Natural gas-burning power plants produced 38% of the country's electricity in 2019, up from 36% a year earlier, while power generation from renewables, including hydropower, ticked up by a percentage point to 18%, according to the groups' 2020 Sustainable Energy in America Factbook.
With coal's share falling and nuclear's edging up slightly, natural gas and zero-carbon energy sources accounted for about three-quarters of the US power mix in 2019, compared to 54% in 2010. The year capped a decade in which the country "fundamentally overhauled how it produces, delivers, and consumes hydrocarbons, electrons, and heat," the report said.
"None of this decarbonization and transformation is costing more," said Ethan Zindler, head of the Americas at BloombergNEF. "In fact, it's costing less, and it is improving the U.S. economic competitiveness."
Pointing to gains made in energy efficiency, Zindler said the past 10 years also have shown that the country can grow its economy at a faster pace than its energy consumption, which can help to limit emissions. In 2019, US gross domestic product expanded by 2.3% while energy consumption fell by 1% from a year earlier, according to the report.
The findings were released amid pledges by major energy companies to slash carbon emissions. BP PLC, Dominion Energy Inc. and Duke Energy Corp. all have said in recent days that they will achieve net-zero emissions by midcentury.
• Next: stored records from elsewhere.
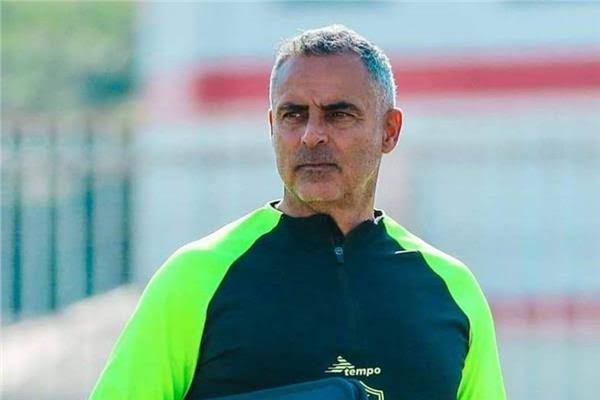 تصريحات جوزيه جوميز بعد تعادل الزمالك مع بيراميدز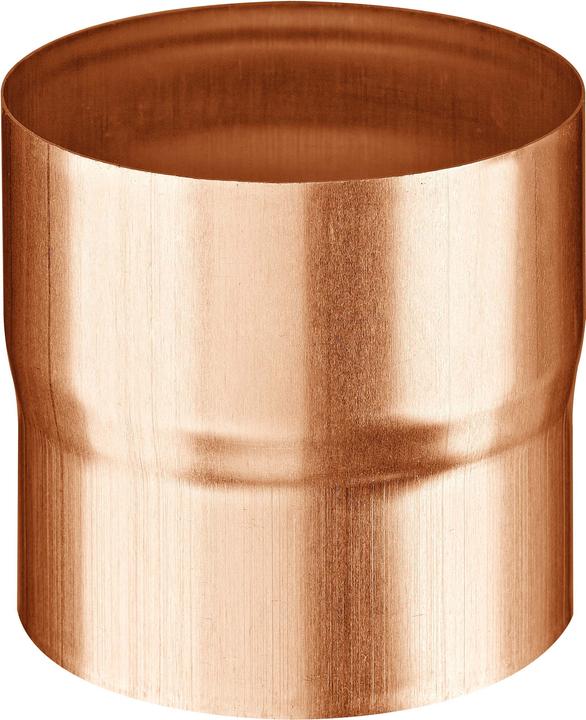Grömo Kupfer-Steckmuffe 100mm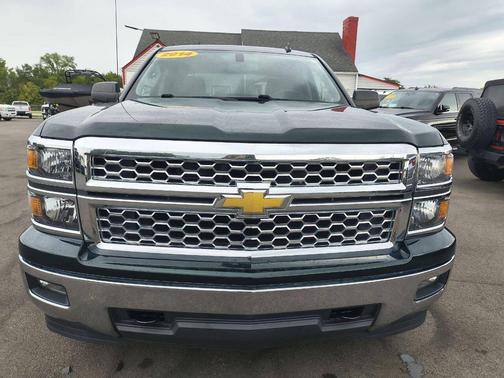 2014 Chevrolet Silverado 1500 1LT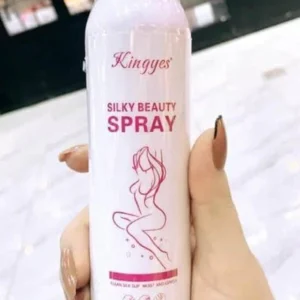 NATURAL PAINLESS HAIR REMOVAL SPRAY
"We are seeing a new urgency in society to do something about climate change," Dan Whitten, vice president of public affairs at the Solar Energy Industries Association trade group, told reporters in Washington, D.C., on February 13.
In the US power sector, the use of natural gas has risen as increased production pushed down prices. Gas demand is expected to continue climbing as the country looks to displace more coal capacity and to balance higher levels of intermittent renewables, said Richard Meyer, managing director of energy analysis at the American Gas Association, a trade group.
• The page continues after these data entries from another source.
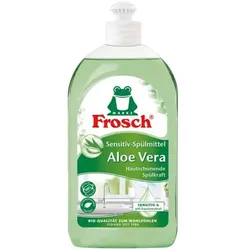 Frosch Sensitiv-Spülbalsam »Aloe Vera« 0,5 L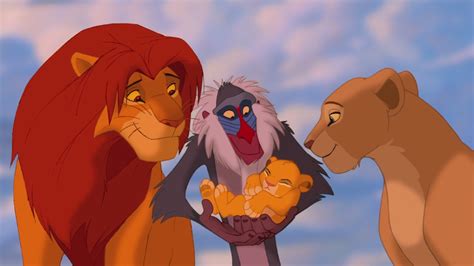 Simba & Nala (The Lion King) [Blu-Ray] - Simba & Nala Image (29168886) - Fanpop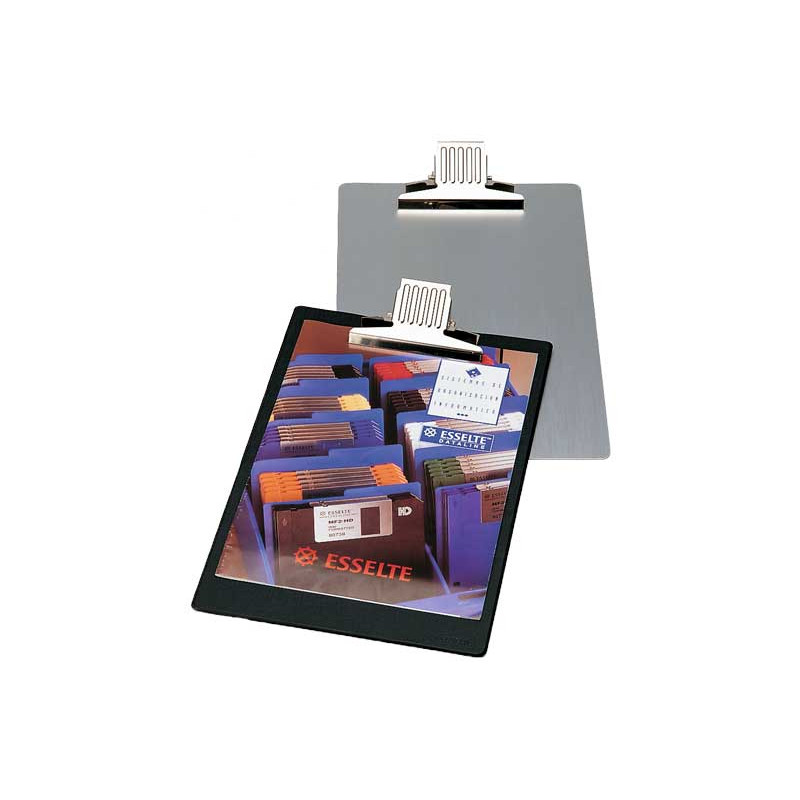 PLACA CON PINZA ESSELTE Fº PLACA CON PINZA ESSELTE Fº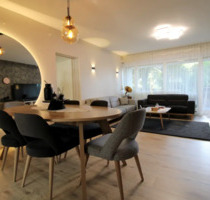 Von Privat in Bruchköbel:Renovierte, möblierte und gepflegte.....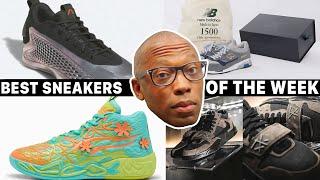 Sneakers Of The Week: $250 New Balance, Anthony Edwards New Low, Jordan Mocha Jumpman Jacks And More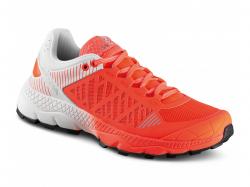 Topnky SCARPA Spin Ultra WMN bright red white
Wind and solar installations grew by 18% and 12%, respectively, in 2019, and both industries are looking to massively increase the size of their fleets by 2030.
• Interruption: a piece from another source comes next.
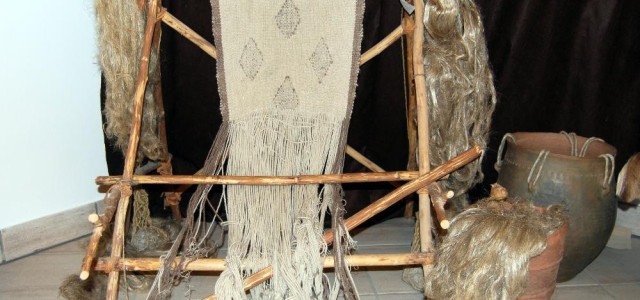 Museo uomo nel tempo (Museum Zeitreise Mensch)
However, there is no guarantee that growth in renewables will be a boon for gas. Opposition has been growing to new gas plant construction due in part to concerns that the fossil fuel facilities could become stranded economically as the cost of renewables and batteries continues to fall.
Meyer dismissed such concerns, saying new gas plants "tend to be the best technology ... to be able to balance the electric grid more effectively and at lower costs compared with the status quo."
"So we are going to continue collectively to make these investments and move towards a lower-carbon future, and I see no inconsistency with the investments made today and that long-term future of a significantly lower carbon energy economy," Meyer said.